The World Health Organization has found that ambient outdoor air pollution, including PM₂.₅, killed 23 million people in China in 2012.

Milloy said that the new rule was “actually better than what I thought was coming.”

“If it’s actually implemented, it’s going to be revolutionary for EPA science and regulatory science, period,” he said. The new rule would force the agency to reshape rules on radiation, drinking water, pesticides, and air-quality issues, because much of the evidence supporting those rules is drawn from medical research using confidential patient data.

But first the rule must stand up in court. It’s unclear how it will fare. On the one hand, the rule is inexactly written and disinterested in citing legal authority.

The rule also directly contradicts a 2002 ruling from the D.C. Circuit Court of Appeals. “We agree with EPA that requiring agencies to obtain and publicize the data underlying all studies on which they rely ‘would be impractical and unnecessary,’” the court decided in that case.

But the federal judiciary is being remade by the Trump administration. President Trump appointed 12 new appellate court judges in 2017, a record for a president’s first year in office. These new, more conservative judges might find themselves more amenable to anti-regulatory arguments than their predecessors would have been.

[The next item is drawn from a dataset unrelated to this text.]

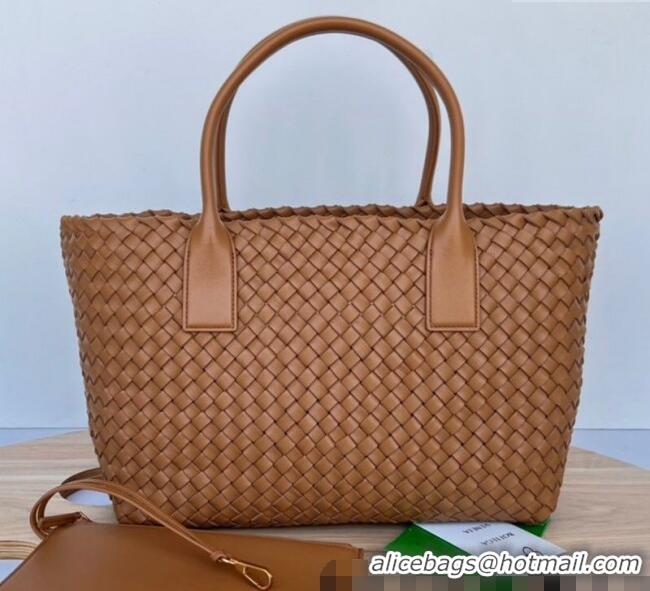 Reasonable Price Bottega Veneta Medium Cabat Tote Bag in Intrecciato Leather 608810 Wood Brown 2023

It’s possible that the rule, in any form, could outlast the EPA chief who signed it. Pruitt now faces the worst crisis of his 20-year political career: To describe him as scandal-plagued would be an understatement. He has set off a scandal pandemic. This weekend, The New York Times revealed that Pruitt personally met with a top energy lobbyist last year, even as Pruitt rented a $50-a-night condo from the lobbyist’s wife. This follows revelations into alleged ethics lapses over staff pay, luxurious travel arrangements, and grift among his subordinates.

There are at least 10 different federal investigations into Pruitt’s ethics scandals, including ones led by the White House and the Republican-led House Oversight Committee. Pruitt will testify before two House committees on Thursday.